I have a 2001 Ford Focus that when it gets above 75 F or so, it keeps sputtering and shut's down. If I turn the key off for 30 seconds...it fires right back up and away I go again for about two or three minutes. I took it to a mechanic and he said it had to be the coil. I changed that and it's still the same. Someone suggested the fuel pump but this guy said no way, it was an electrical problem. What else should I look at? He said it may be the module.


----------



## JohnWill (Oct 19, 2002)

It could be the fuel filter, and the car is starving for fuel. I don't know how this guy could have overlooked something that obvious, but you never know. 


Assuming it's not the fuel filter... If this happens if the engine is cold or warm, I'd be looking at electronics or wiring issues like loose connections.


----------



## kiwiguy (Aug 17, 2003)

Had a Ford Telstar (actally a rebadged Mazda 626) quite a few years back with a similar problem, when the under bonnet temperature rose, it misfired. Coil was eliminated, as was the fuel, leaving only the ignition module (which was damned expensive).

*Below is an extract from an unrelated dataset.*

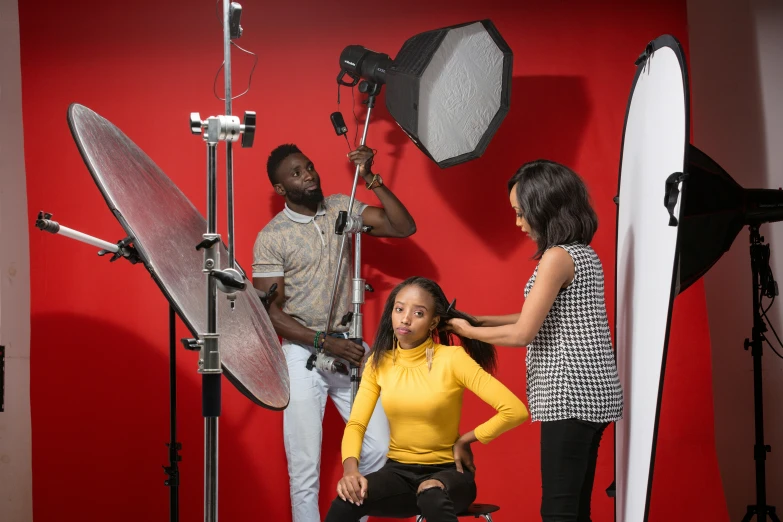 three people standing in a red room with cameras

Sold the car...


----------



## JohnWill (Oct 19, 2002)

As I recall, those modules are over $1,000, right?


----------



## focus freak (Aug 1, 2007)

It only happens when it is warm! It ran great all winter long! I wonder...igniton module? Heats up? Why would shutting off the key and turning the car back on make it run smooth for a couple more minutes? I'm going to change the fuel filter anyways. thanks for the advice!


----------



## JohnWill (Oct 19, 2002)

Does this happen when you start the car cold, or only after it warms up? Is it on humid days, dry days, or no difference?

I had a Fiat 124 Spyder in the 70's that had a problem where on certain high temperature high humidity days (low air density), the gas would boil in the carb and cause it to shutdown like you turned the switch. Turned out it was flooding out when it bubbled over and killing it. I could do the same thing, wait 30 seconds, start it up and drive away.


----------



## kiwiguy (Aug 17, 2003)

If you can locate the ignition module, hit it with a blast of "freeze it" (canned refrigerant) available from electrocis shops. That would eliminate it.

In my case replacing the entire car with a new BMW seemed to fix it, though the cost was a bit over the top.


----------



## telecom69 (Oct 12, 2001)

We have several Focuses in our family,and they are usually very reliable,however they do seem to suffer with engine management system problems at times, with this you would get a light on the dashboard flashing...the best and quickest way round your problem is to take it to a garage and have a computer plugged into it for the fault codes to be read,there is not really a lot you can do yourself with modern cars,you could replace everything and still not find the problem, so many sensors etc ....


----------



## JohnWill (Oct 19, 2002)

You can read the engine fault codes of many cars with a shorting plug. OTOH, some make it more difficult.


----------